_Work required_.
Write out the whole listing below exactly, skipping each picture.

_Data to examine_.
+-------+

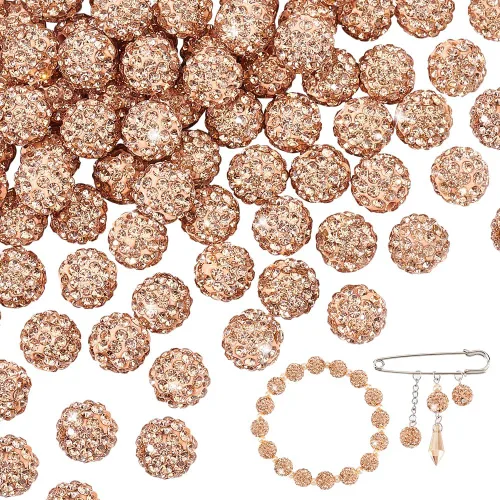 Miniatura 15 de Pandahall - Bolas de arcilla de 10 mm, tipo discoteca con 100 unidades, cuentas de polímero de arcilla con diamantes de imitación, creaciones Azul
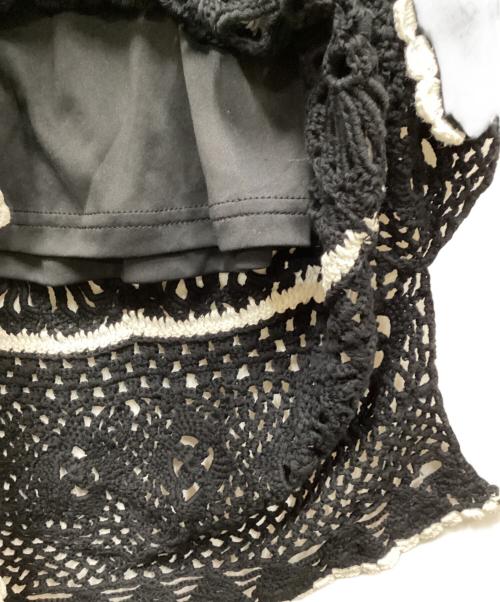 CASA FLINE（カーサフライン）CASA FLINE (カーサフライン) ハンドクロシェニットスカート ブラック サイズ:FREEの古着・服飾アイテム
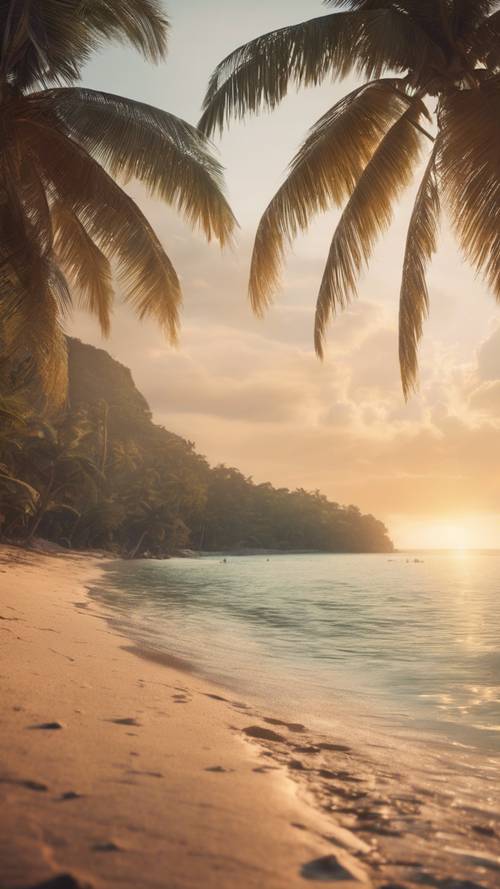 Una serena escena de playa tropical vintage durante la puesta de sol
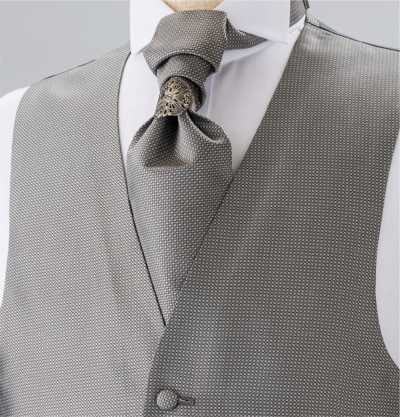 YT-300 Corbata ascot de seda hecha en Japón (corbata europea) con estampado komon gris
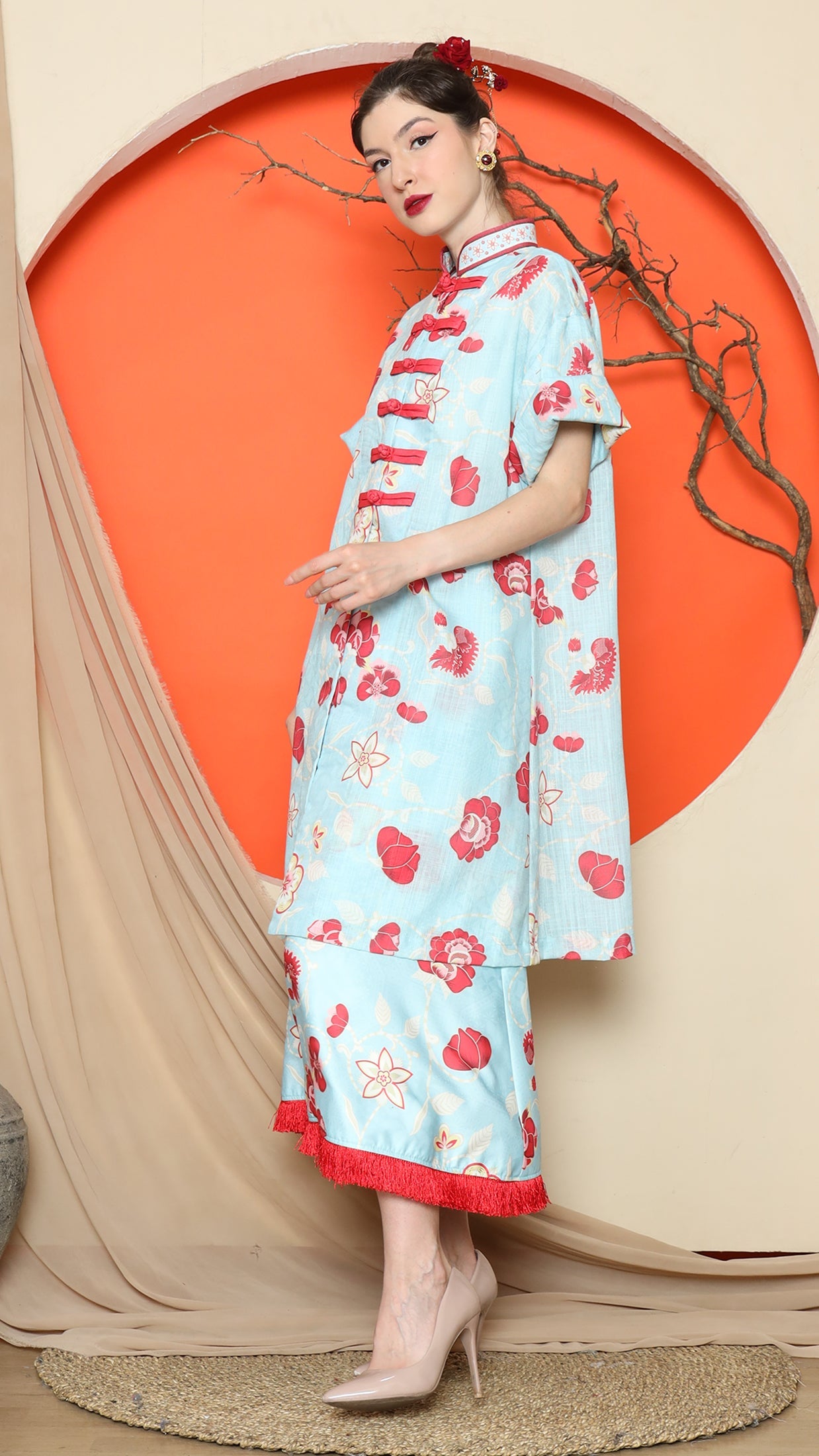 KANZI COLLECTION | Blue Floral Cheongsam Skirt Set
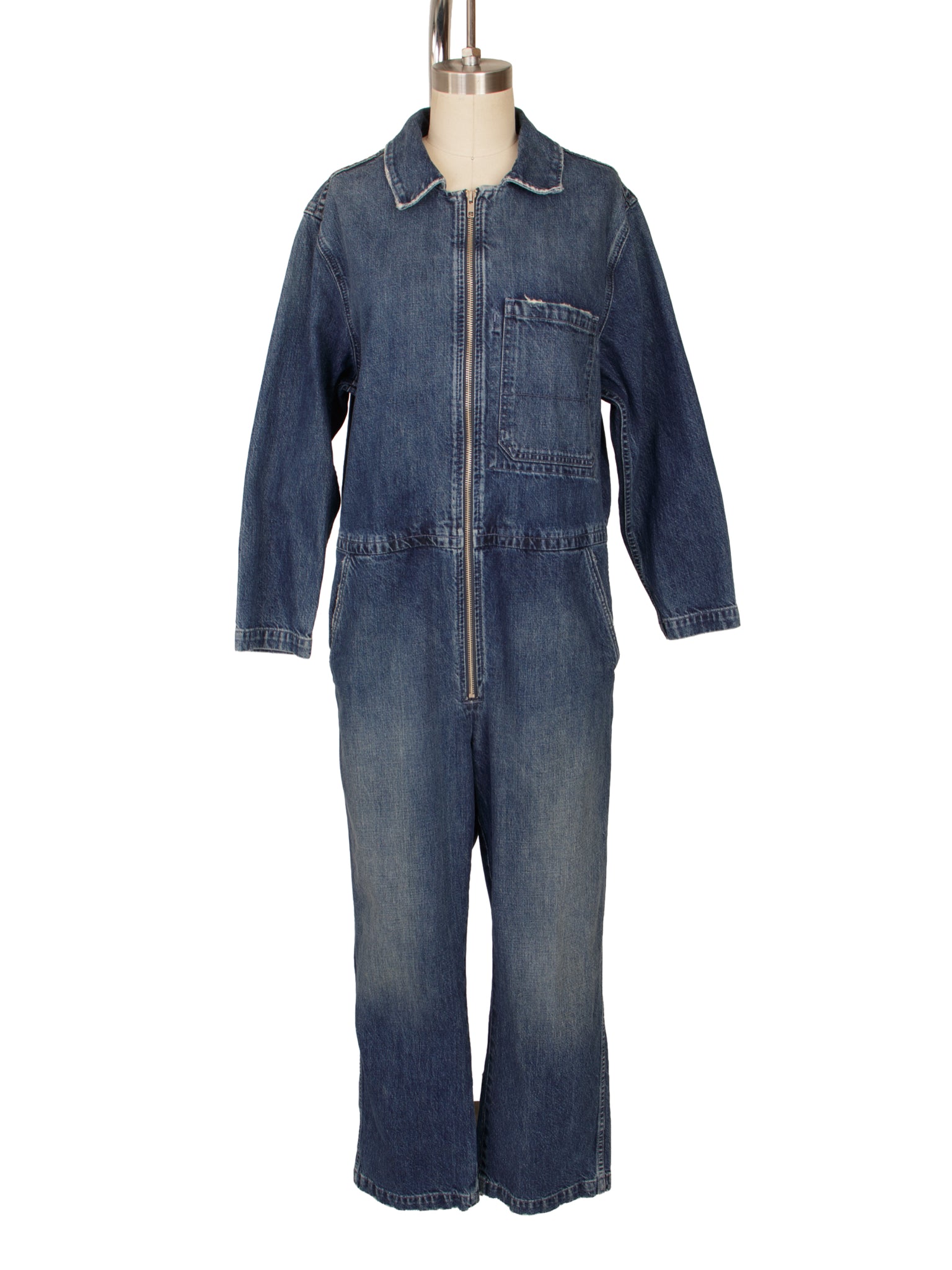Amo Distressed Denim Zip Jumpsuit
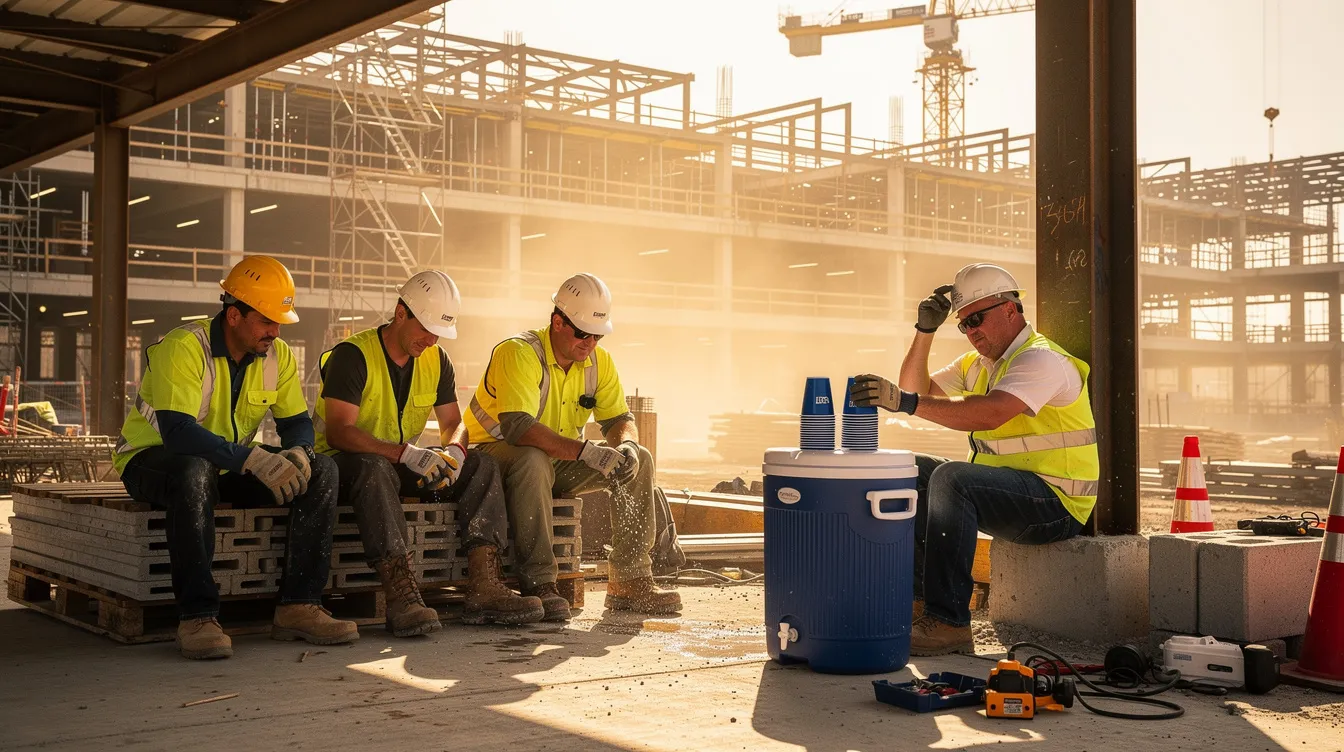 Construction workers taking a shaded break near a water cooler on a commercial building site during hot weather.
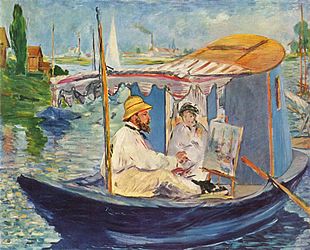 Claude Monet schilderend in zijn atelierboot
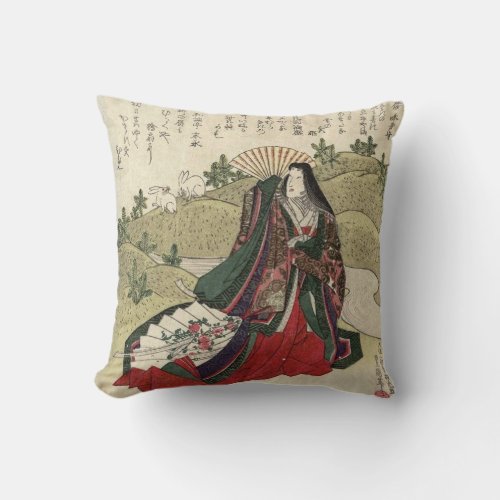 Beautiful Japanese vintage artwork pillow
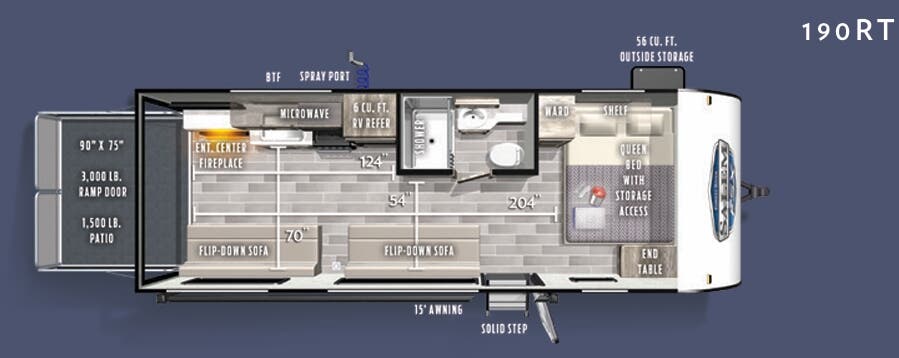 View 2020 Forest River Salem FSX 190RT complete specs and manufacturer brochures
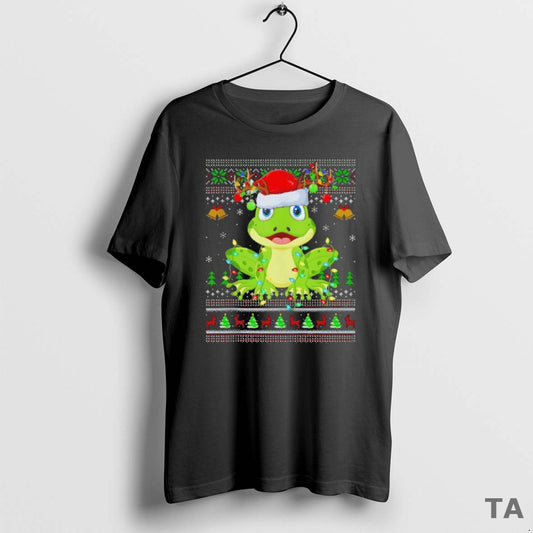 Top Frog Hat Santa Ugly Christmas Black T Shirt Sweater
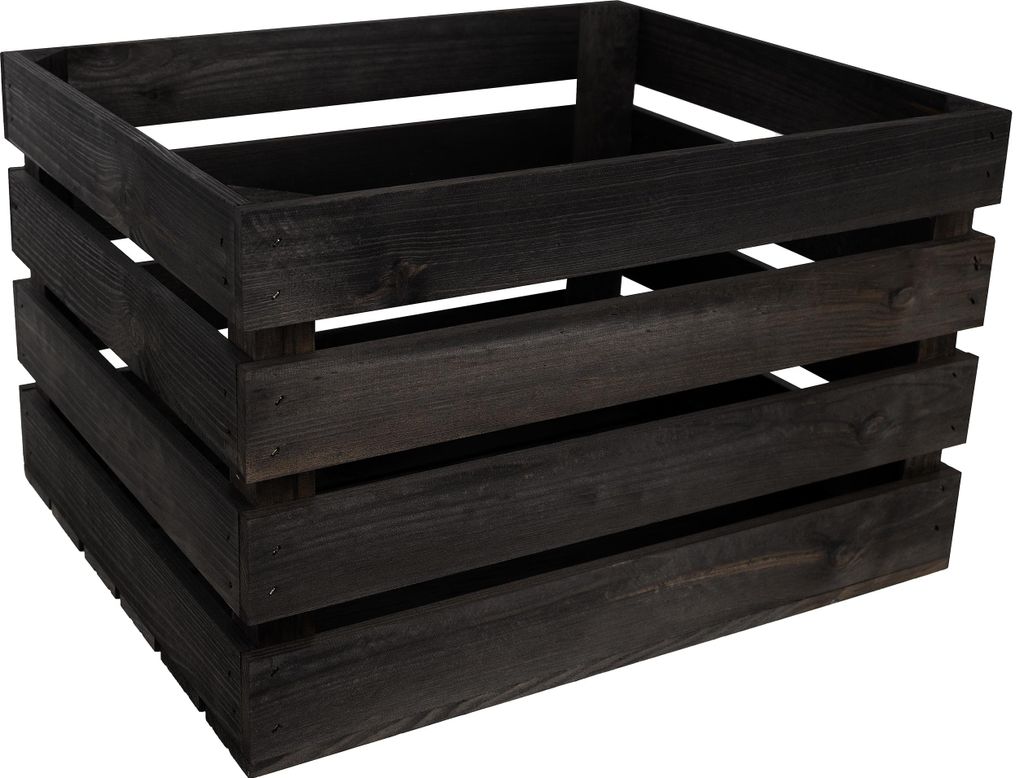 Creative Deco Caisse en Bois Noir 50 x 40 x 30 cm Caisse Image du produit 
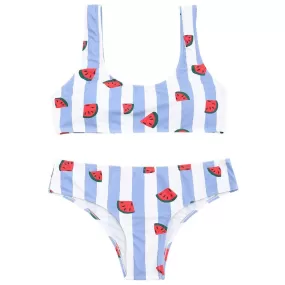 Adorable Watermelon Striped Bikini Set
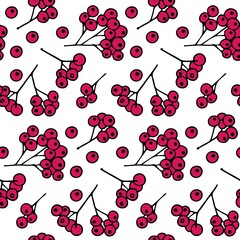 Winter Seamless pattern with red berries. Template for holiday fabric and wrapping paper. Repeated background for textile printing, wallpaper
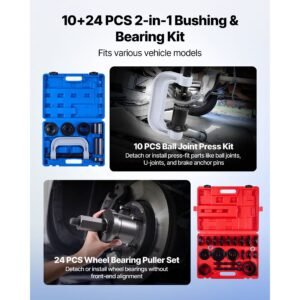 bearing press kit, 10+24 pcs, 2 in 1 ball joint press & wheel bearing puller kit, race and seal driver set with 13 bushings, c frame and sleeves, heavy duty removal installation set with case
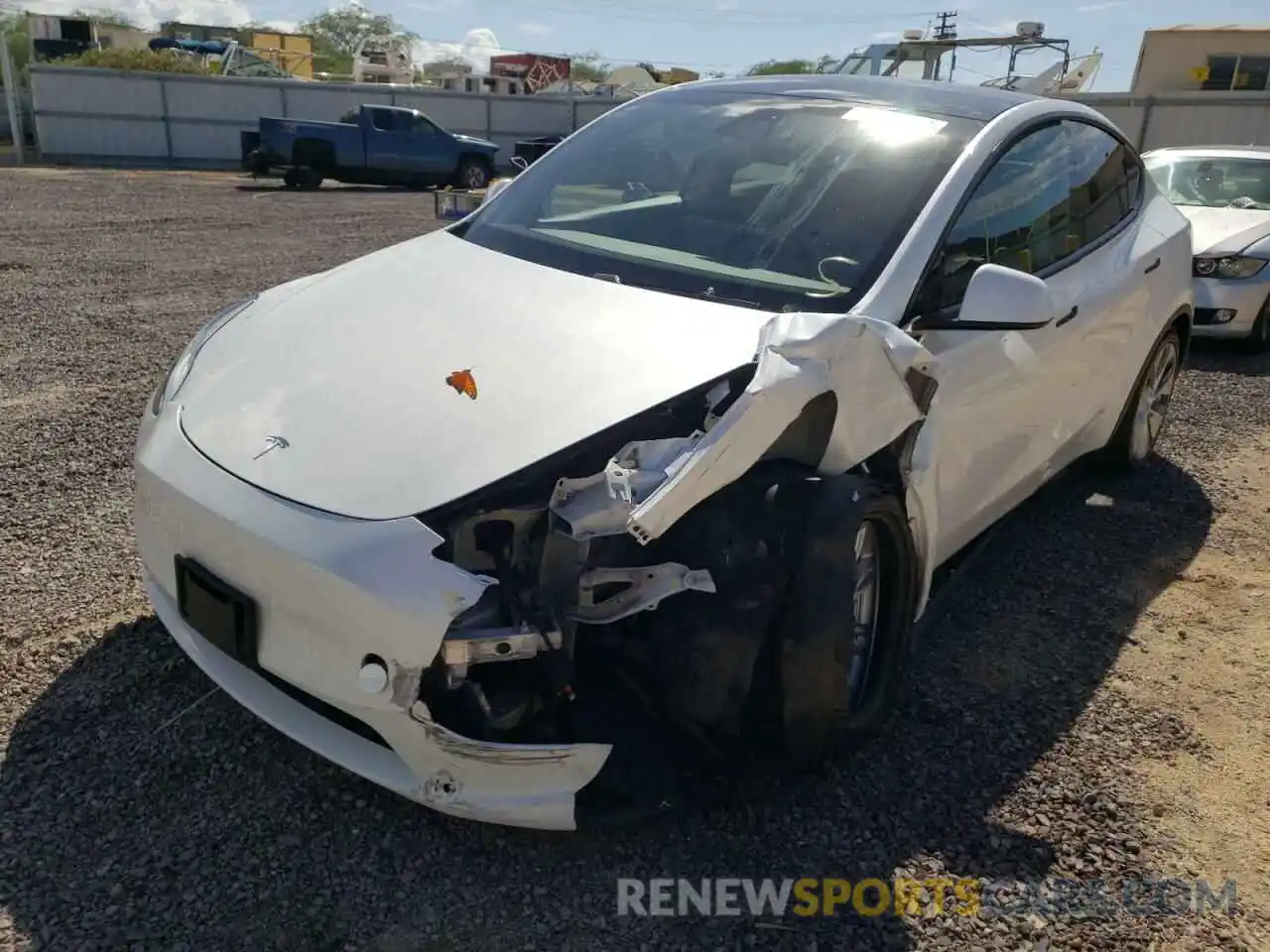 2 Photograph of a damaged car 5YJYGDEE6LF009088 TESLA MODEL Y 2020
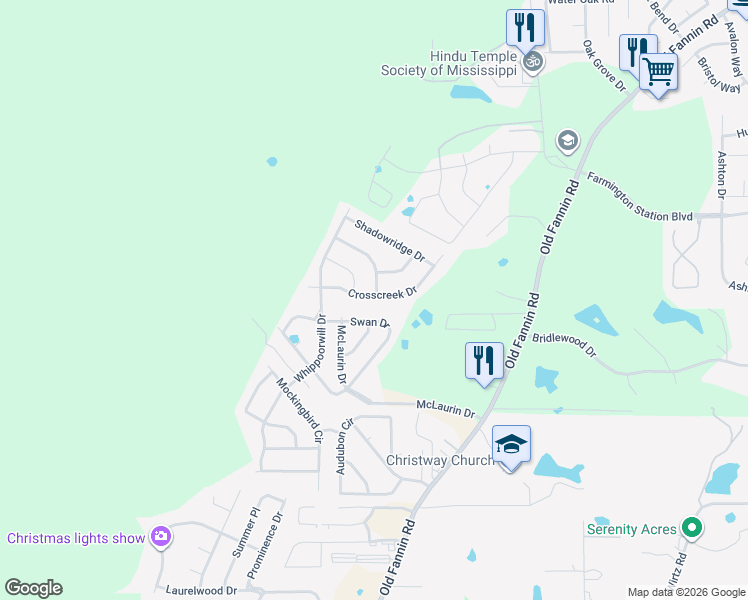 map of restaurants, bars, coffee shops, grocery stores, and more near 216 Crosscreek Drive in Brandon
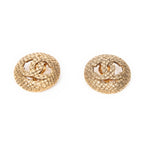 Earrings CC Round Clip On Earrings Gold Gold Plated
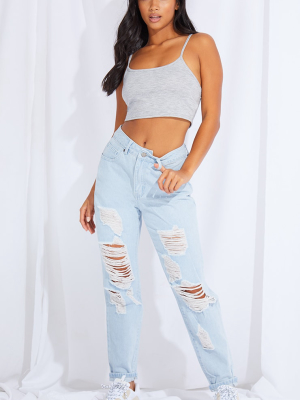 Petite Light Wash Distressed Jeans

+-------+

_Solution for this task_.
 Miniatura 15 de Pandahall - Bolas de arcilla de 10 mm, tipo discoteca con 100 unidades, cuentas de polímero de arcilla con diamantes de imitación, creaciones Azul
 CASA FLINE（カーサフライン）CASA FLINE (カーサフライン) ハンドクロシェニットスカート ブラック サイズ:FREEの古着・服飾アイテム
 Una serena escena de playa tropical vintage durante la puesta de sol
 YT-300 Corbata ascot de seda hecha en Japón (corbata europea) con estampado komon gris
 KANZI COLLECTION | Blue Floral Cheongsam Skirt Set
Amo Distressed Denim Zip Jumpsuit
 Construction workers taking a shaded break near a water cooler on a commercial building site during hot weather.
 Claude Monet schilderend in zijn atelierboot
 Beautiful Japanese vintage artwork pillow
 View 2020 Forest River Salem FSX 190RT complete specs and manufacturer brochures
 Top Frog Hat Santa Ugly Christmas Black T Shirt Sweater
 Creative Deco Caisse en Bois Noir 50 x 40 x 30 cm Caisse Image du produit 
 Adorable Watermelon Striped Bikini Set
 Winter Seamless pattern with red berries. Template for holiday fabric and wrapping paper. Repeated background for textile printing, wallpaper
 bearing press kit, 10+24 pcs, 2 in 1 ball joint press & wheel bearing puller kit, race and seal driver set with 13 bushings, c frame and sleeves, heavy duty removal installation set with case
 2 Photograph of a damaged car 5YJYGDEE6LF009088 TESLA MODEL Y 2020
 map of restaurants, bars, coffee shops, grocery stores, and more near 216 Crosscreek Drive in Brandon
 Earrings CC Round Clip On Earrings Gold Gold Plated
 Petite Light Wash Distressed Jeans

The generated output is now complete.